PROBLEM DETAILS —
Keep every word of the listing and reproduce it exactly, but set aside any image found there.

SUPPLIED RECORDS —
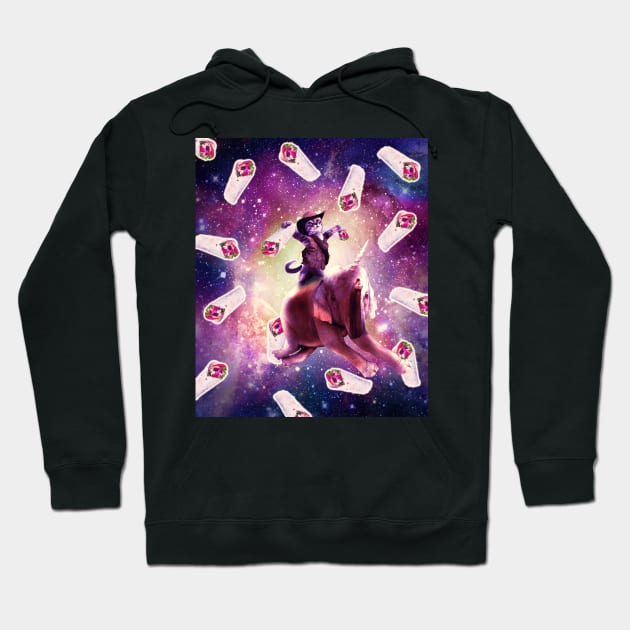 Cowboy Space Cat On Elephant Unicorn - Burrito Hoodie by Random Galaxy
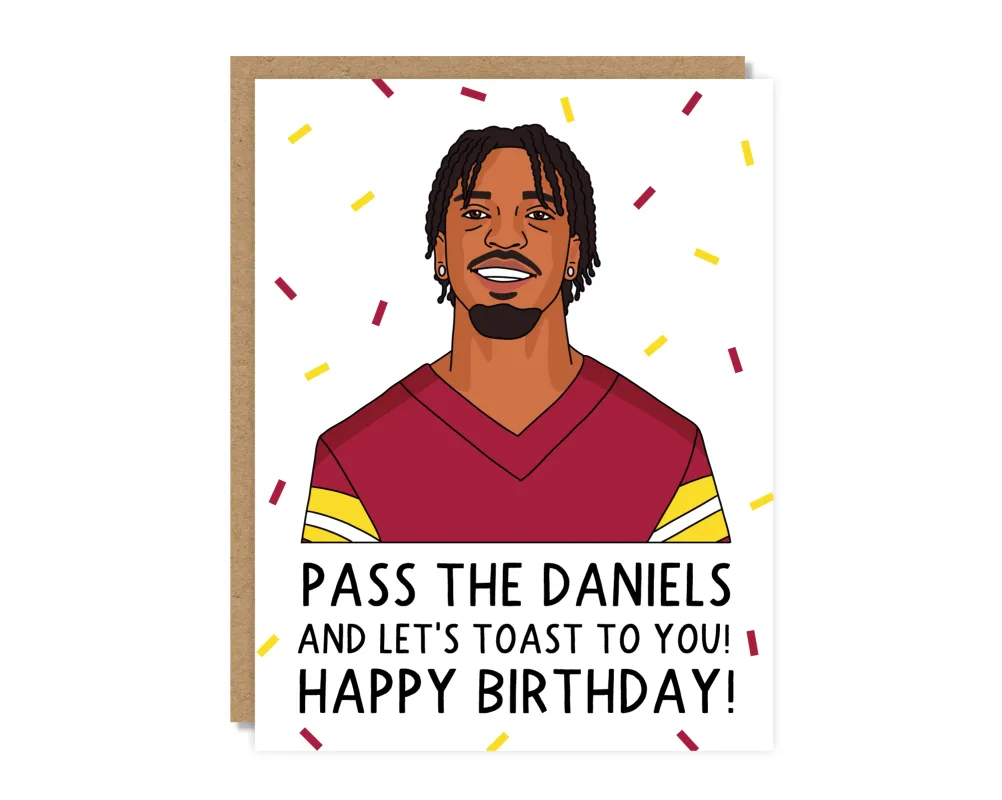 Washington Commanders Jayden Daniels Birthday Card sold by Brightside Boutique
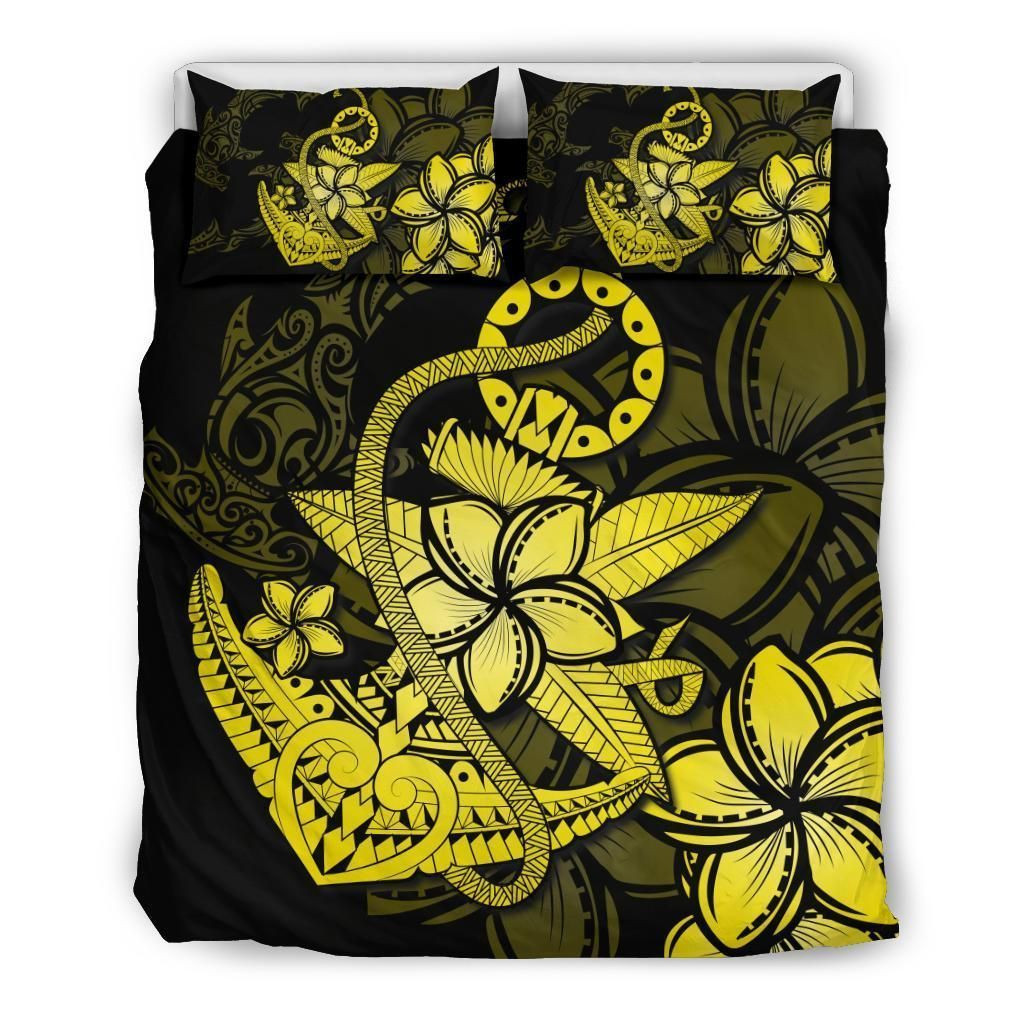 Alohawaii Bedding Set – Cover And Pillow Cases Hawaiian Anchor Plumeria Hamerhead Shark Polynesian – Yellow – Ah J9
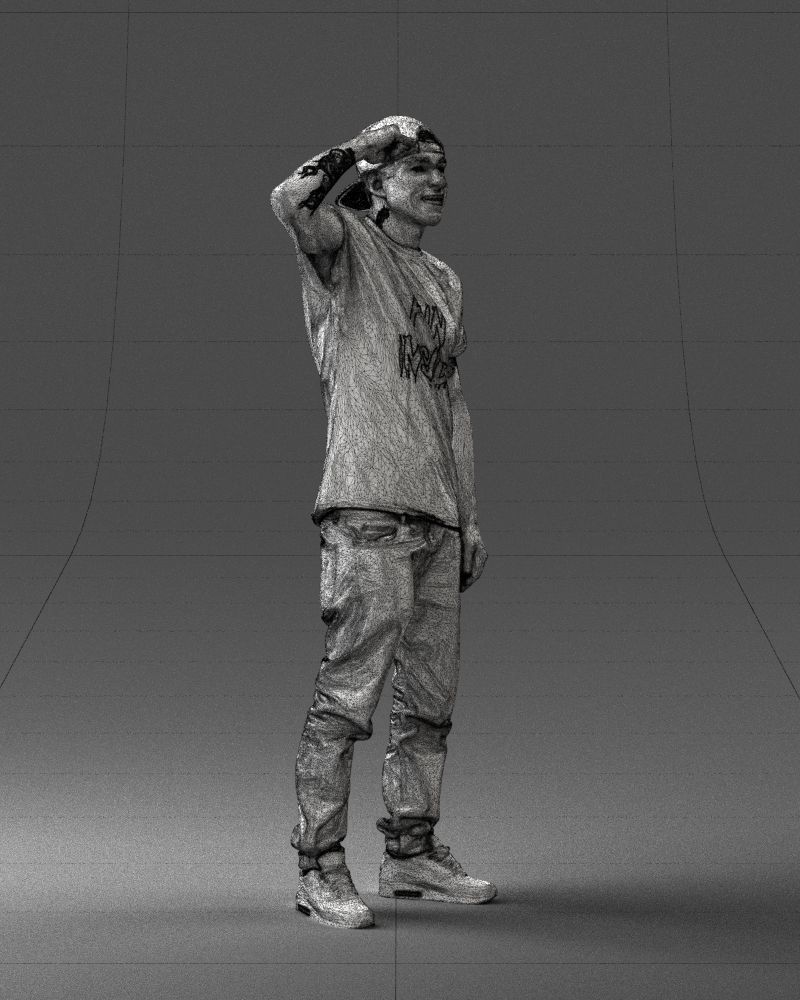 Man in a white t-shirt and cap 0216 3D model_11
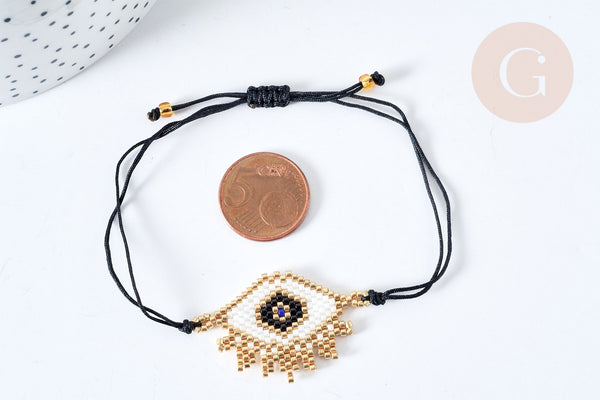 Bracelet Réglable losange mauvais œil noir et or 28cm cordon nylon perles rocailles tissées , bijou chance à offrir, bracelet amitié, x1 (G7678)
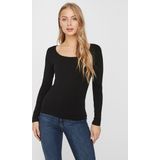 Vero Moda - T-shirt - Zwart - Katoenmix
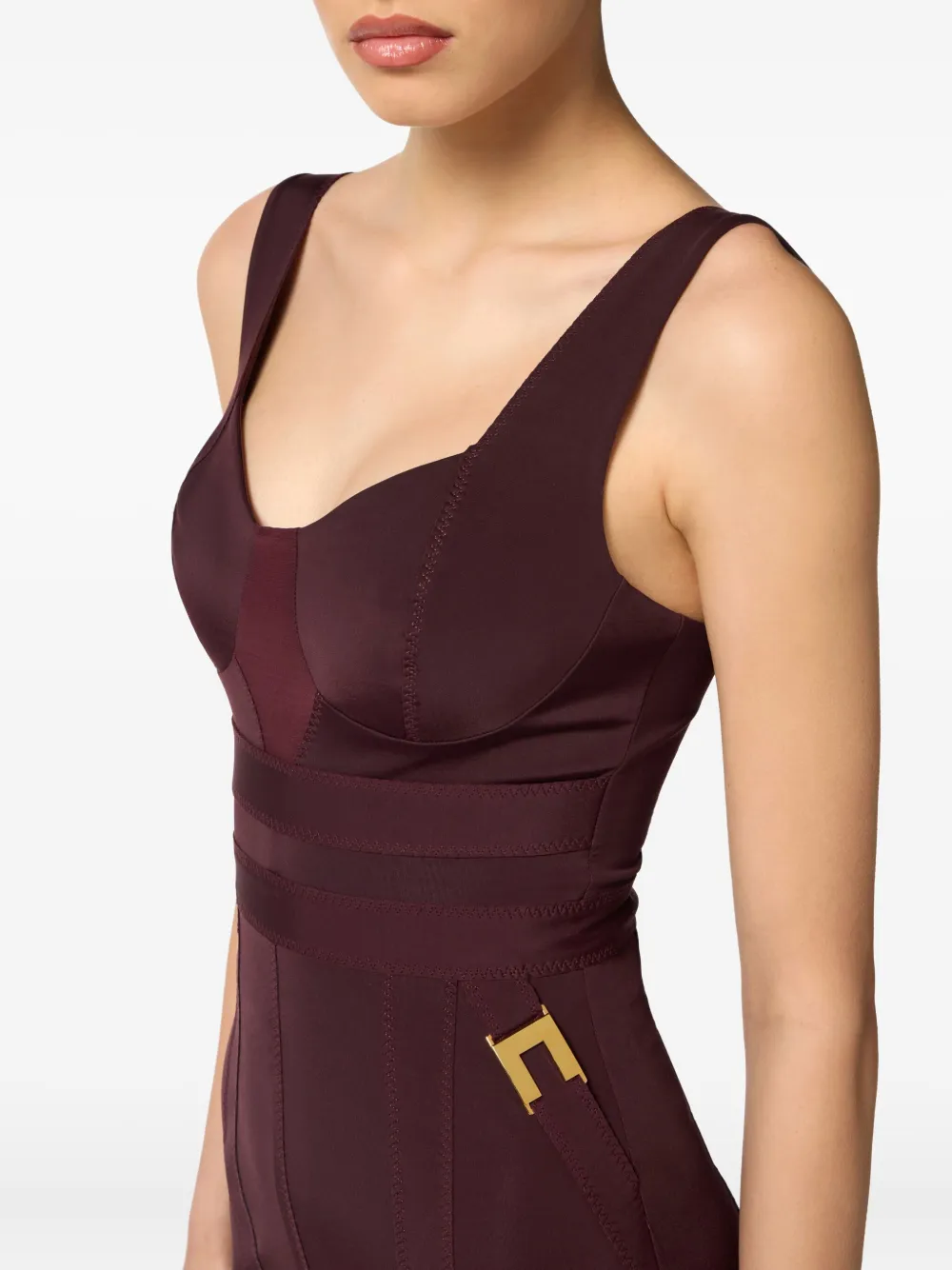 Elisabetta Franchi Bustier midi-jurk met vlakken Rood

RESPONSE AREA —
 Cowboy Space Cat On Elephant Unicorn - Burrito Hoodie by Random Galaxy
 Washington Commanders Jayden Daniels Birthday Card sold by Brightside Boutique
 Alohawaii Bedding Set – Cover And Pillow Cases Hawaiian Anchor Plumeria Hamerhead Shark Polynesian – Yellow – Ah J9
 Man in a white t-shirt and cap 0216 3D model_11
 Bracelet Réglable losange mauvais œil noir et or 28cm cordon nylon perles rocailles tissées , bijou chance à offrir, bracelet amitié, x1 (G7678)
 Vero Moda - T-shirt - Zwart - Katoenmix
 Elisabetta Franchi Bustier midi-jurk met vlakken Rood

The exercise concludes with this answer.